First thoughts on the monetary policy
There was a sense of optimism in the RBI governor’s speech and they finally laid out their GDP projections. They are expecting GDP to contract by 9.5% year-on-year which is quite realistic but I am surprised that they are expecting a positive GDP growth in the fourth quarter which definitely looks optimistic at this point in time. At the same time, RBI is clearly saying that what we are seeing on inflation is more like a supply side disruption and that should be easing by the fourth quarter which is exactly in line with our estimates. Even though we expect a status quo in today’s policy, we are of the view that there is still space open for 25-50 bps policy easing in the rest of FY21.
Lastly, what is more interesting for the markets are the liquidity operation measures. They clearly have increased the size of the OMO operations. They are ready to provide enough liquidity through TLTROs (Targeted Long Term Repo Operations) and they stand ready to do open market operations. I guess the bond market should be happy.

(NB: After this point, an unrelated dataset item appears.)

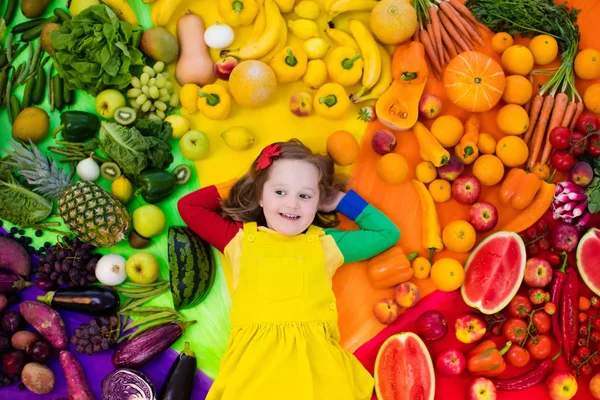 Hälsosamma frukt- och vegetabilisk kost för barn — Stockfoto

RBI is trying to balance the objectives of pumping in enough liquidity while not announcing a direct monetisation of debt. They are trying to manage the bond market fears by doing active open market operations. I would say we are looking at 10-year bond yield remaining supportive to well within 6% for this year and we see space for another 25-50 bps in the rest of FY21.
On allowing OMOs in state development loans
The government’s fiscal position is still very challenging even though when the borrowing programme was announced and the government stuck to the borrowing limit, the markets were relieved. Everyone is worried that this is not the end of it and by December-January, you could see a higher borrowing pressure coming in.
Anything from the RBI on the funding side was very important just to ensure that the bond market is calmed, especially from a longer term point of view. I am here talking about a 10-year beyond and not really a short term market yield which is more affected by liquidity or the policy interest rates. In that sense, coming out very categorically on OMOs, the size of OMOs or even talking about FBL being funded through OMOs is a very good thing but the market will definitely be looking for more measures and the extent of OMOs that RBI will be willing to do.
For instance, barring that Rs 1.3 trillion of OMOs already conducted, so far our expectation is that India needs at least Rs 2.5 trillion of OMOs to be able to fund the fiscal deficit smoothly. Other than that, there could be funding pressure on the bond market and it could lead to a rise in bond yields. This is just a step. The market will be looking for a continuous momentum, with regards to normalcy and support given by the RBI that the markets do not need to worry and we are ready to provide and pump in liquidity and doing open market operations or Operation Twist.
We need a continuous commitment that it is not just a one time thing. Whether the OMO size will additionally go up by Rs 2.5 trillion is something we need to see over the coming months. Our personal view is that the fiscal challenges are far from over. India needs a much more credible and significant fiscal push whereas what we have seen so far is quite a conservative moderate number even though RBI governor is sounding very optimistic that the Q4 GDP could be positive.
I think the recovery on ground is going to be very gradual. There are still a lot of uncertainties related to overall income levels, job situations which are going to have a big macro impact over the coming quarters. So yes, it is good news that RBI is standing ready to pump in liquidity, provide support to the bond market by increasing the size of OMOs.
We need a continuous policy push to ensure that the bond yield concerns are taken care of and it is very critical to see how the fiscal situation pans out over the coming months and if GDP actually surprises on a positive growth in Q4 as the RBI governor is expecting.